- _Assignment_
Verbatim repeat, images excluded. Give each entry again as written.

Entries taken from a collection:
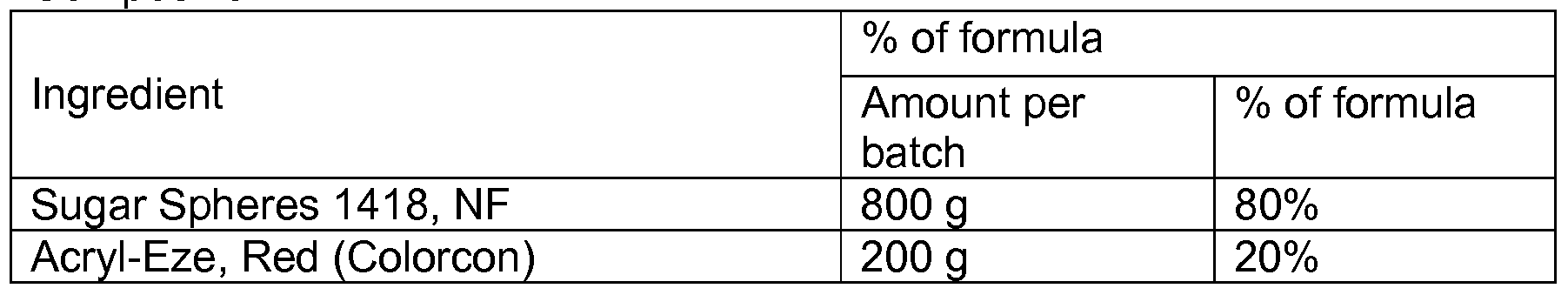 Figure imgf000024_0002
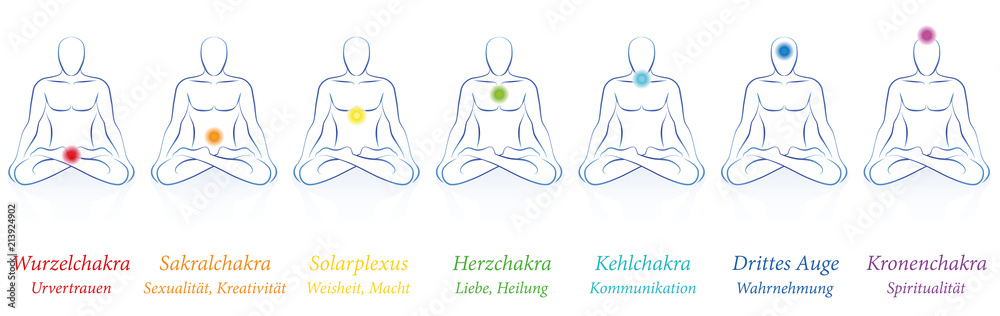 Chakras - seven colored main chakras and their names and meanings - meditating man in sitting yoga meditation. German labeling. - obrazy, fototapety, plakaty 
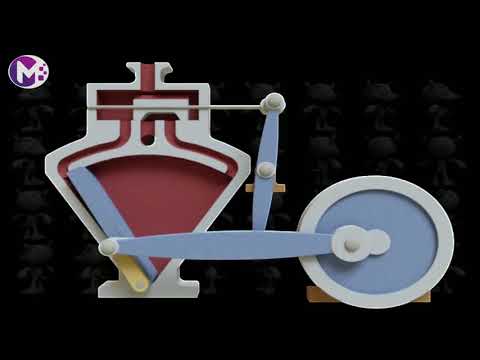 Oscillating Piston Engine Mechanism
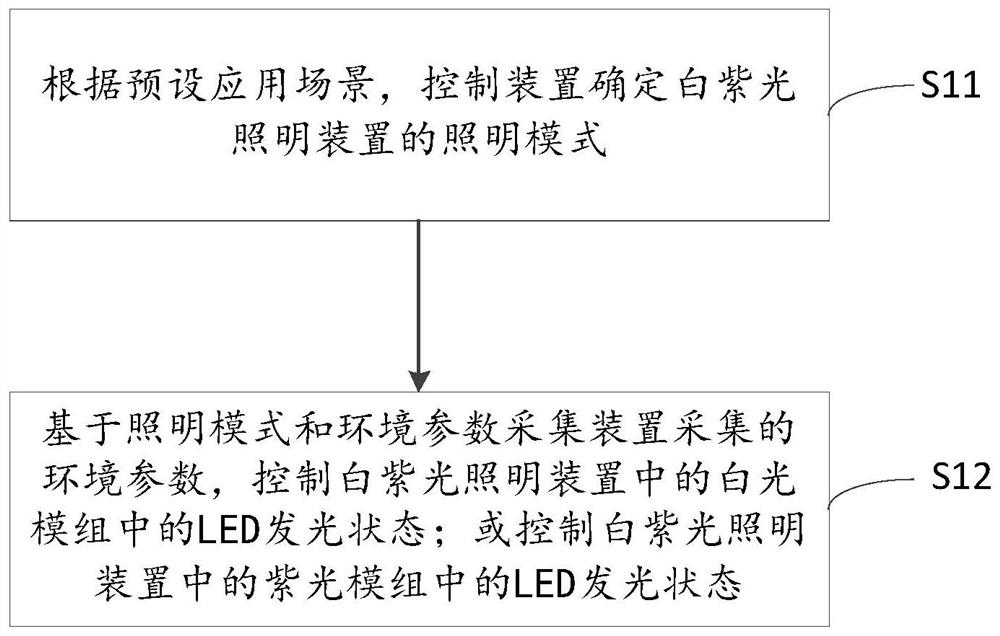 一种防眩光调节控制方法、装置、存储介质及电子设备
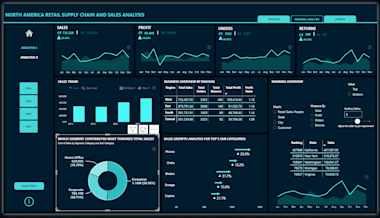 Do Data Analysis Using Excel, Sql, Python Or R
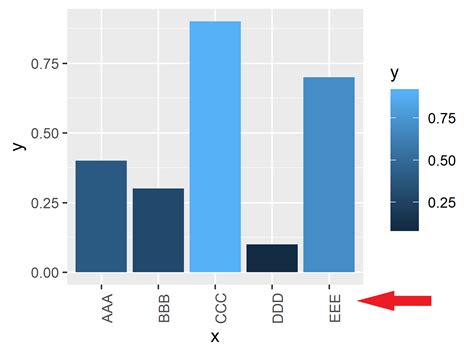 Rotate Ggplot2 Axis Labels In R 2 Examples Set Angle To 90 Degrees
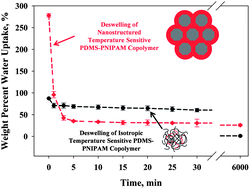 Graphical abstract: Improved stimuli-response and mechanical properties of nanostructured poly(N-isopropylacrylamide-co-dimethylsiloxane) hydrogels generated through photopolymerization in lyotropic liquid crystal templates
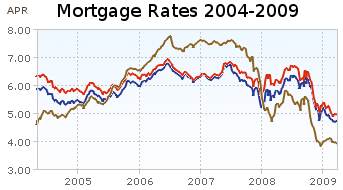 used car loan interest rate - bad debt re mortgage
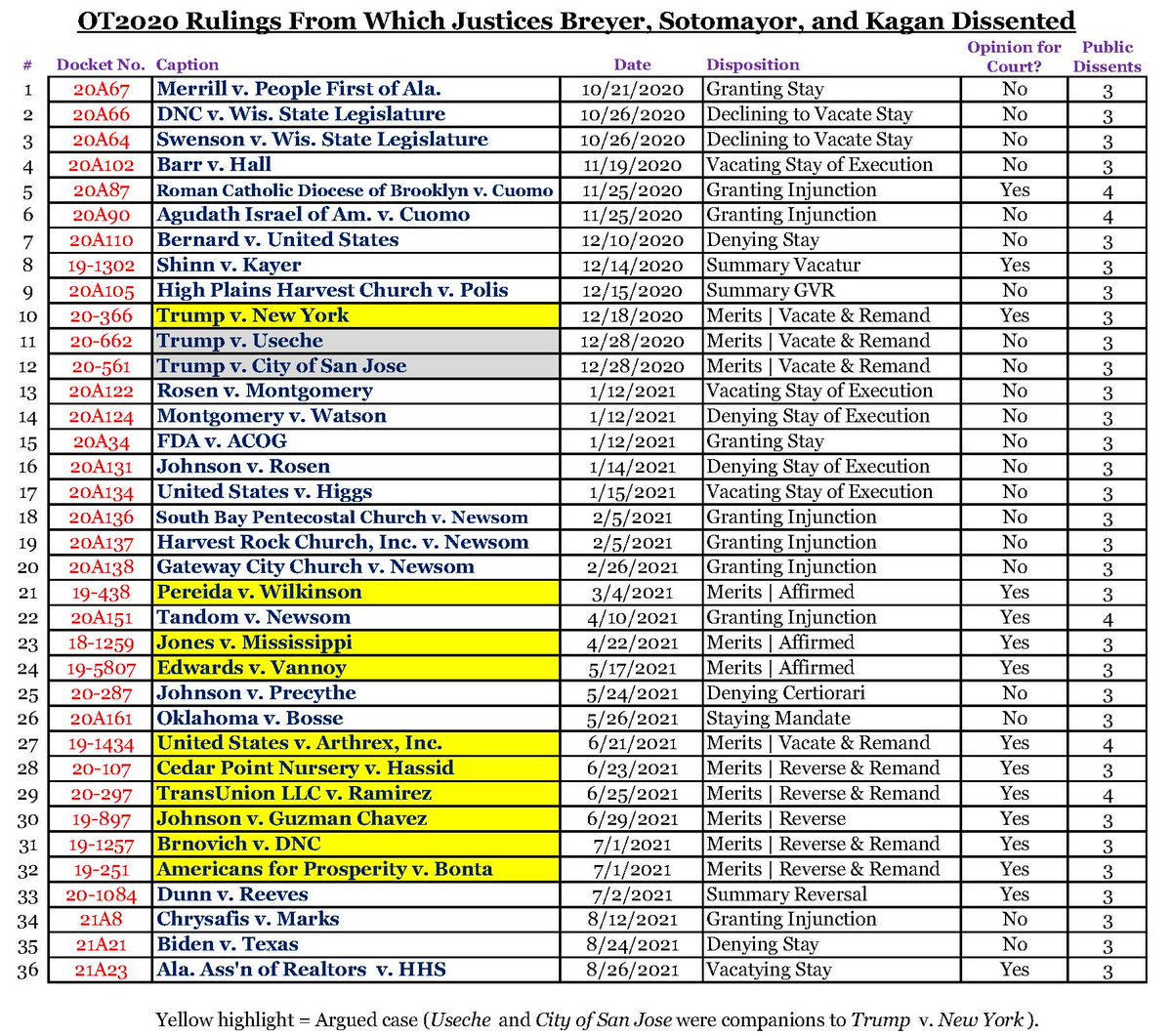 Tonight's #SCOTUS ruling nixing the CDC eviction moratorium is the 19th different ruling on the "shadow docket" so far this Term that disrupts the status quo compared to what was true before; and the 21st from which all three Democratic appointees were the only public dissenters:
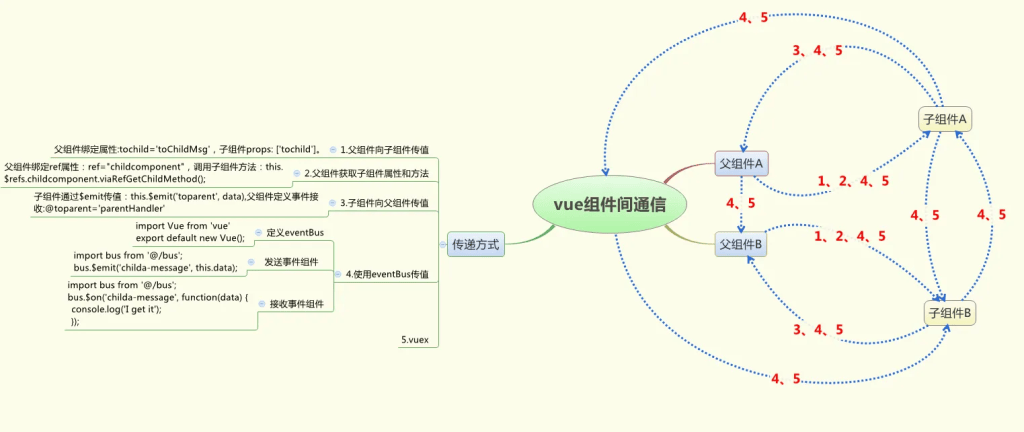 Vue组件间通信的几种方式-编程社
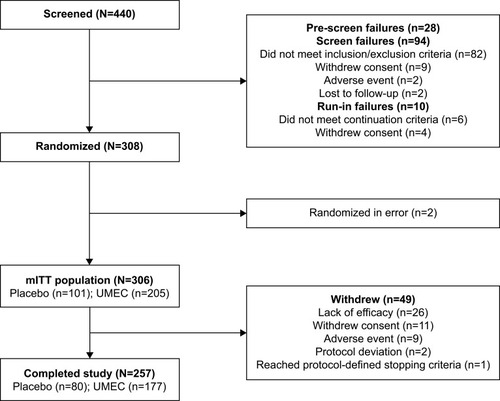 Figure 1 Patient disposition.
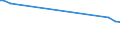 CN 72283049 /Exports /Unit = Prices (Euro/ton) /Partner: Honduras /Reporter: European Union /72283049:Bars and Rods of Steel Containing by Weight 0,9 to 1,15% of Carbon and 0,5 to 2% of Chromium, And, if Present, <= 0,5% of Molybdenum, Only Hot-rolled, Only Hot-drawn or Hot-extruded (Other Than of Circular Cross-section, of a Diameter of >= 80 mm and Excl. Semi-finished Products, Flat-rolled Products and Hot-rolled Bars and Rods in Irregularly Wound Coils)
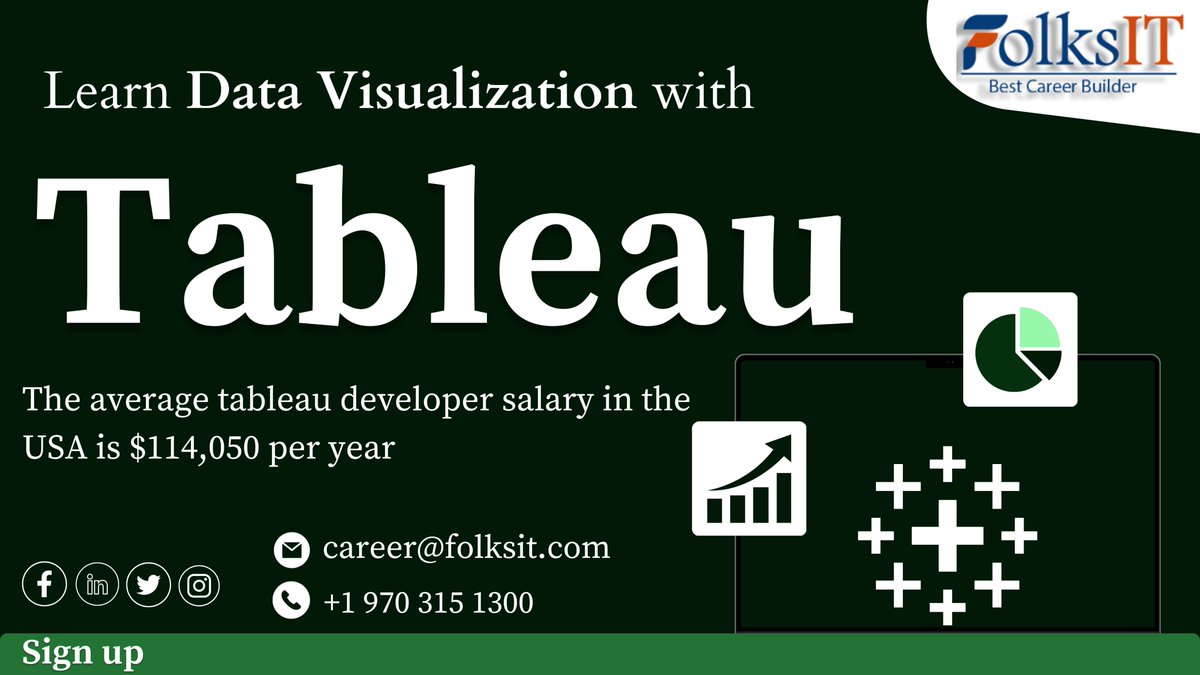 FolksIT Elearning Institute tweet media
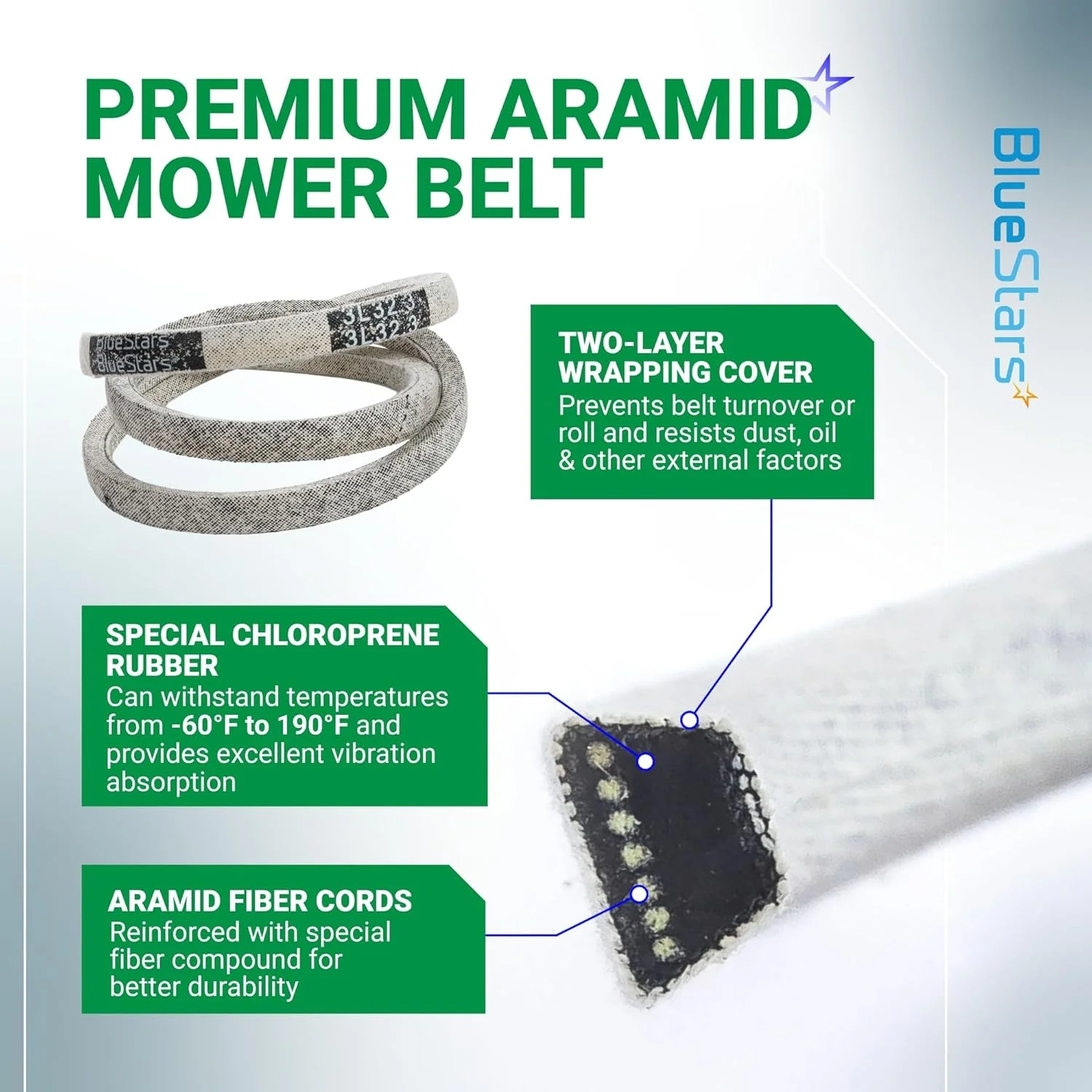 117-1018 Drive Belt | Fits Toro Recycler 22" Lawn Mowers | Aramid Cord | 32.3" - Image 6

- _Output for this exercise_
 Figure imgf000024_0002
 Chakras - seven colored main chakras and their names and meanings - meditating man in sitting yoga meditation. German labeling. - obrazy, fototapety, plakaty 
 Oscillating Piston Engine Mechanism
 一种防眩光调节控制方法、装置、存储介质及电子设备
 Do Data Analysis Using Excel, Sql, Python Or R
 Rotate Ggplot2 Axis Labels In R 2 Examples Set Angle To 90 Degrees
 Graphical abstract: Improved stimuli-response and mechanical properties of nanostructured poly(N-isopropylacrylamide-co-dimethylsiloxane) hydrogels generated through photopolymerization in lyotropic liquid crystal templates
 used car loan interest rate - bad debt re mortgage
 Tonight's #SCOTUS ruling nixing the CDC eviction moratorium is the 19th different ruling on the "shadow docket" so far this Term that disrupts the status quo compared to what was true before; and the 21st from which all three Democratic appointees were the only public dissenters:
 Vue组件间通信的几种方式-编程社
 Figure 1 Patient disposition.
 CN 72283049 /Exports /Unit = Prices (Euro/ton) /Partner: Honduras /Reporter: European Union /72283049:Bars and Rods of Steel Containing by Weight 0,9 to 1,15% of Carbon and 0,5 to 2% of Chromium, And, if Present, <= 0,5% of Molybdenum, Only Hot-rolled, Only Hot-drawn or Hot-extruded (Other Than of Circular Cross-section, of a Diameter of >= 80 mm and Excl. Semi-finished Products, Flat-rolled Products and Hot-rolled Bars and Rods in Irregularly Wound Coils)
 FolksIT Elearning Institute tweet media
 117-1018 Drive Belt | Fits Toro Recycler 22" Lawn Mowers | Aramid Cord | 32.3" - Image 6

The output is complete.